Tasting blood, he sprang up to tackle a man, but missed and fell. His leg — the right one was a mess of loose wires, a dead thing. As he was getting up a man leveled a gun at him --
But Phillip slammed that pipe against the man’s neck. Phillip had blood on his wetsuit and fire in his eyes, saying, “My place is here!”
Then with a boom, something made one side of Phillip’s face vanish. He toppled, staring at Garrett with his remaining eye.
Garrett yelled and had clubbed the shooter half to death by the time he noticed no one else was fighting.
A hand touched his shoulder and Garrett wheeled to attack again, but it was only Eaton. Garrett surveyed Dockside: a shattered mess with four masked gunmen disarmed on their knees, another bleeding where Garrett had left him, and a sixth flat on his face with a piece missing from his chest. He saw Tess cowering in a corner, a damaged Zephyr guarding a seventh enemy, Martin clutching one arm and Leda whimpering by the stairs, with her and Tess tended by birds. I caused all this. I wasn’t smart enough to prevent it. I should’ve known we’d be attacked. Dozens of people looked up from the floor, terrified, or hugged the walls or peeked down the stairs or held heavy things over the gunmen’s heads.
Garrett was standing there idiotically, so he staggered forward to face the prisoners. His left arm felt slick. “Who are you? Why are you here?” They glared at him through balaclavas. No way was he going to put up with that. He grabbed the top of one mask and yanked, taking some hair with it. Garett shouted in the man’s face. “Answer me, damn it!”
The man flinched. “Easy pickings, he said. Must be loaded, he said. You people are dirt poor for Americans.” There was a sack of jewelry nearby.
“Who said?”
The man jerked his head to his left, to a man who cursed him for it. Garrett tore off this guy’s mask too and revealed a man with a thick neck and scruffy hair. “Your bright idea?” said Garrett.
“You’re a bunch of bigoted polluting drug-dealers getting what you deserve. You’re a criminal yourself. You can’t do anything to me.”
Garrett slammed his fist into the man’s ribs. It felt good to have power over them.
The man gasped and said, “There’s nothing you can do. We’ve got friends; we’ll go free and come back to finish the job.”
Eaton said, “That was a dumb thing to say.” Garrett was surprised to have Eaton intrude on the focused little world of him and the prisoners. “What do you want done with them, Fox?”
Hearing Eaton, hearing a sane voice, made Garrett start to doubt himself and tremble. “We have to send them back for trial, don’t we?” The prisoners grinned. Garrett wheeled on them. “Who put you up to this?”
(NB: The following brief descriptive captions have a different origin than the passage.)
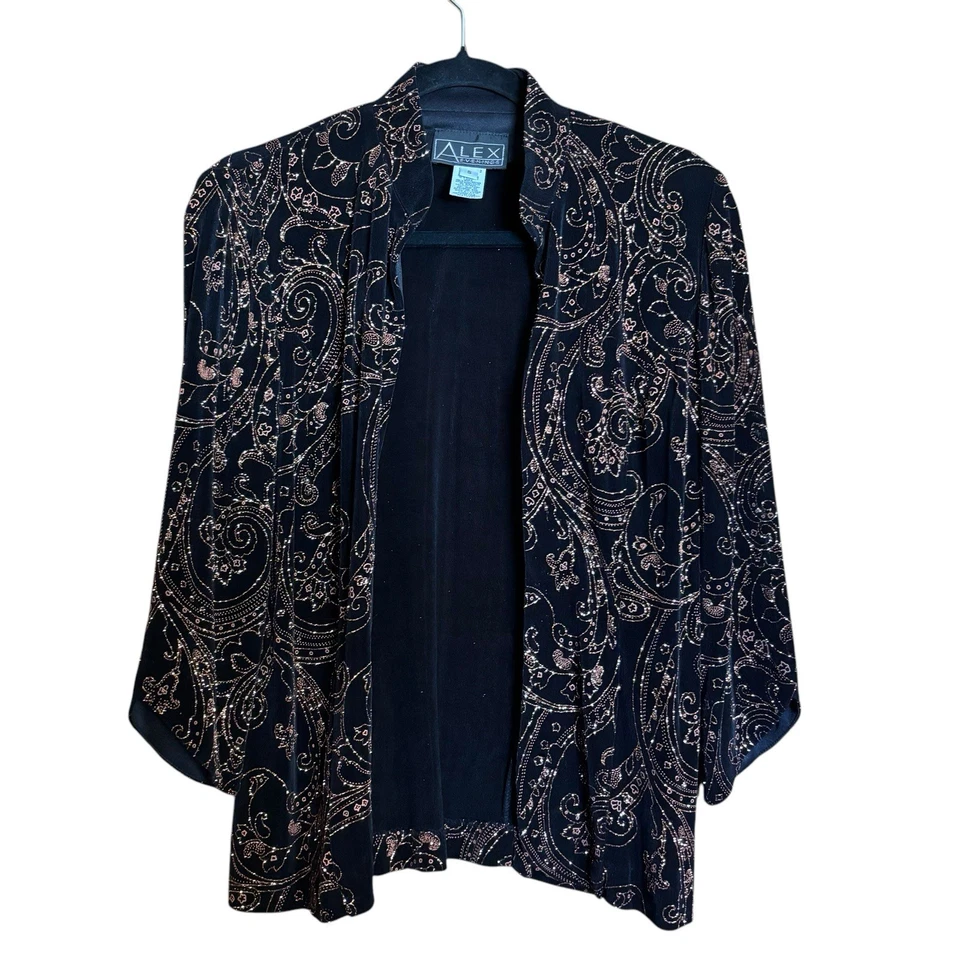 Cárdigan suéter Alex Evenings para mujer pequeño negro dorado adornado brillante Foto 1 de 4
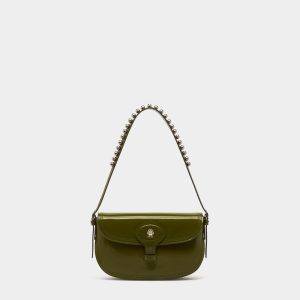 Beckett Small Shoulder Bag in Matcha Green Brushed Leather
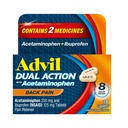 Advil dupla ação dor dor Caplets fornece 250mg de ibuprofeno e 500mg de acetaminofeno por dose para 8 horas de alívio da dor nas costas - 18 contagem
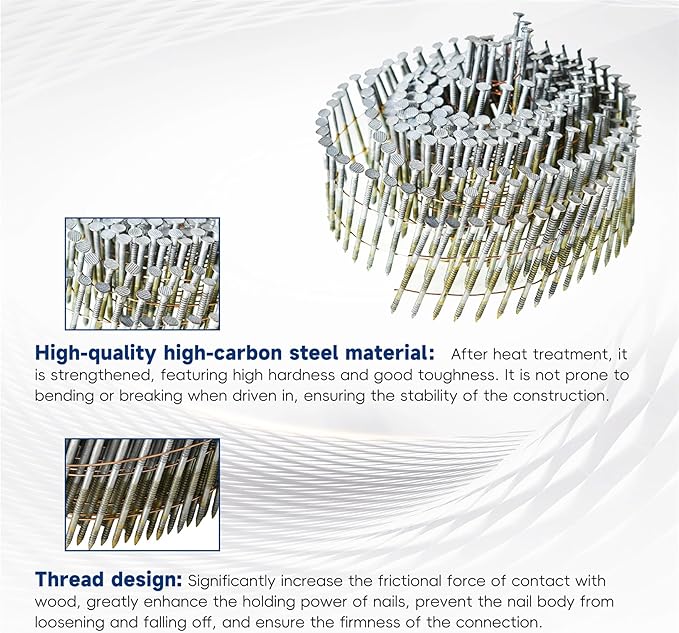 waltyotur 2-1/4Inch x 0.092Inch Collated Wire Coil Siding Nails 15-Degree Full Round-Head Ring 3600 Count Hot-Dipped Galvanized for Rough Nailing of Lathing and Sheathing Materials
“You idiots were sitting out here advertising yourselves. You think you’re tough? You’re dead men, all of you.”
Martin said, “They’ve got to go back, don’t they, Eaton?”
“I do fighting. The captain has the final say.”
It felt like everyone’s gaze had converged on him like lasers, heating him up. Damn these outsiders! There was blood on his face and feet, and these men were already plotting to come back for more. “You’re pirates!” he said, his voice shaking. “You came here to put me and my people in danger, and you didn’t care an ounce for what we’re trying to do! For the hundred people who came here and all the people who believe in us, I won’t let you destroy our colony!” He aimed his shaking gun at the leader’s heart.